** Data block follows **
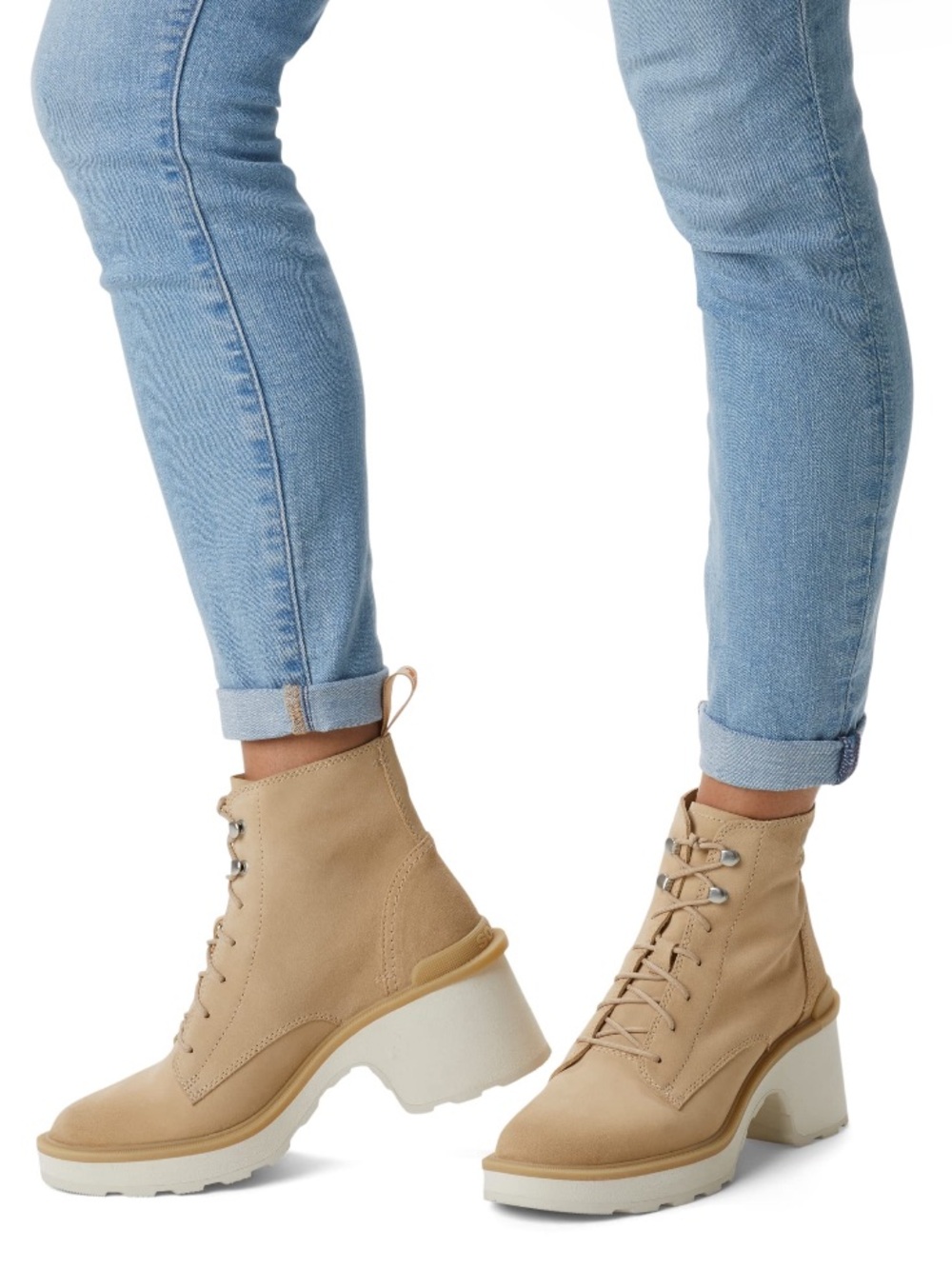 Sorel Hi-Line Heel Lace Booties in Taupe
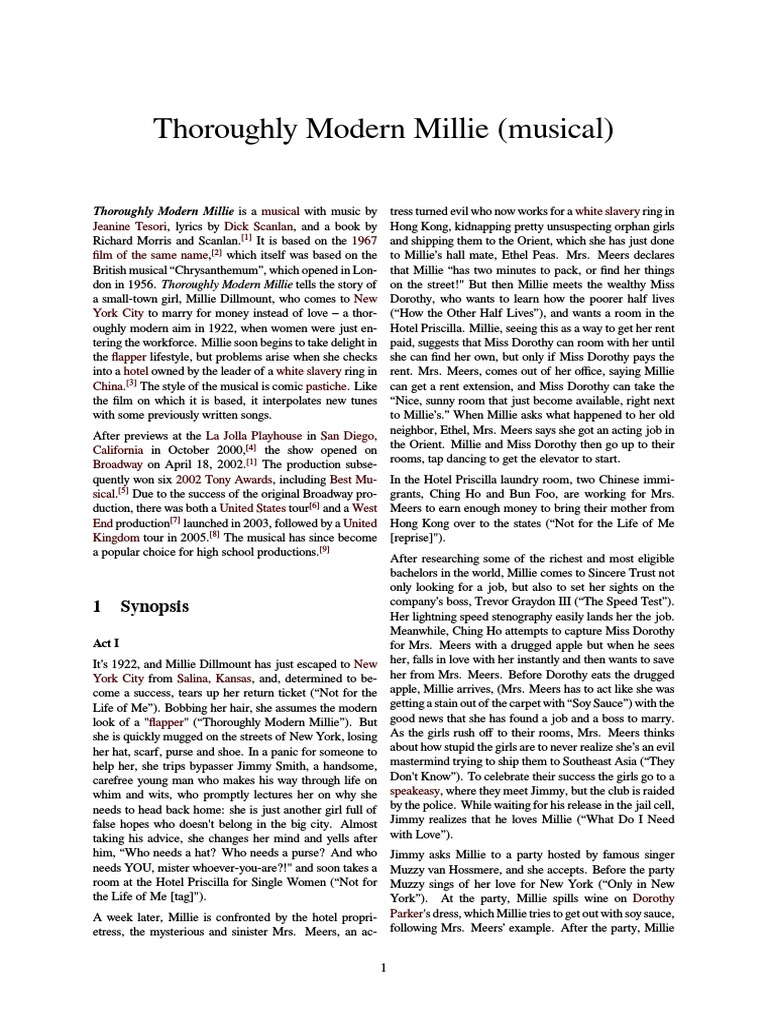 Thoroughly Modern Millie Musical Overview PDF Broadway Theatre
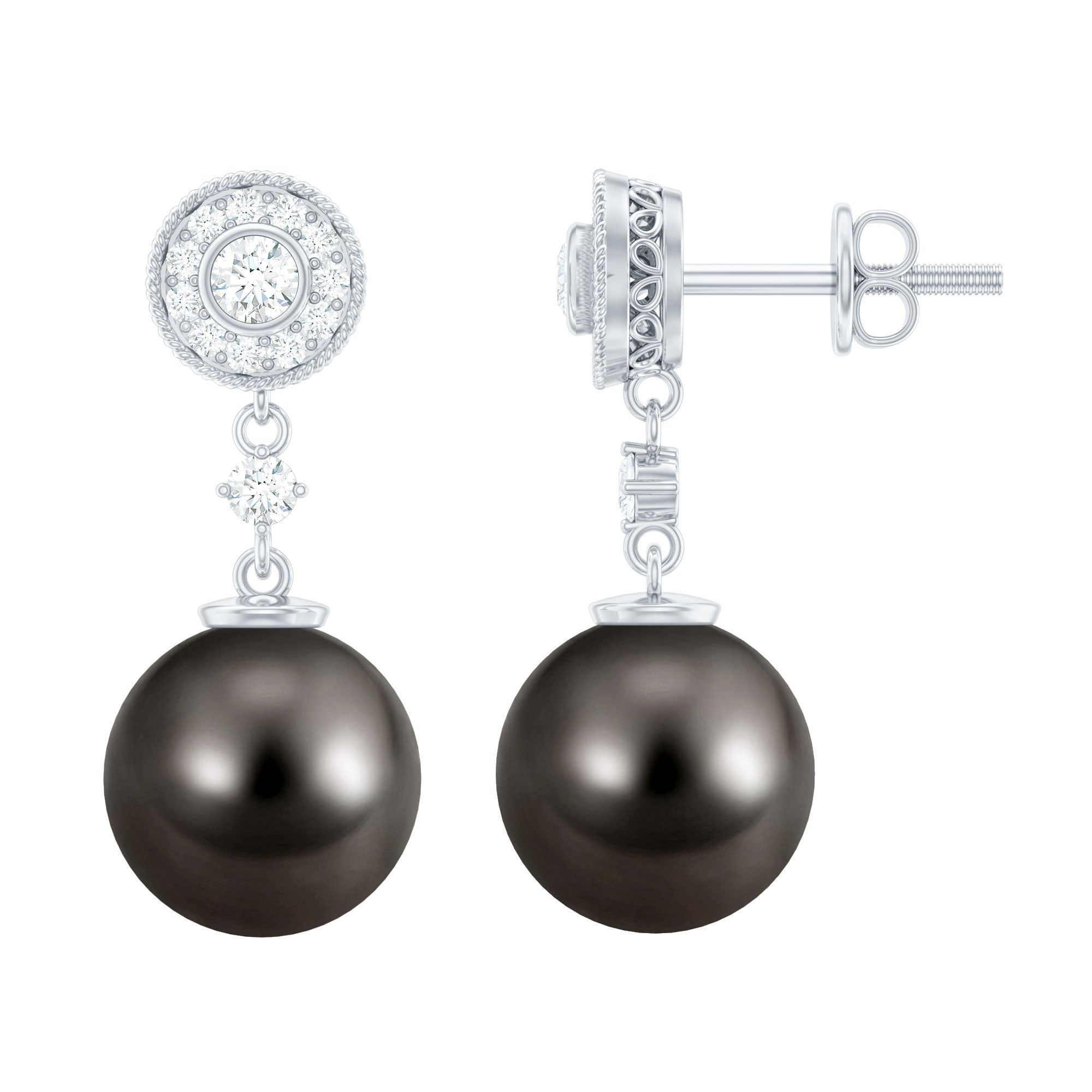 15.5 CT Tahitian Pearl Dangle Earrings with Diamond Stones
** End of Data block **
Instructions to follow → Write every line above again exactly, but leave the pictures out.

Result of this exercise →
 Sorel Hi-Line Heel Lace Booties in Taupe
 Thoroughly Modern Millie Musical Overview PDF Broadway Theatre
 15.5 CT Tahitian Pearl Dangle Earrings with Diamond Stones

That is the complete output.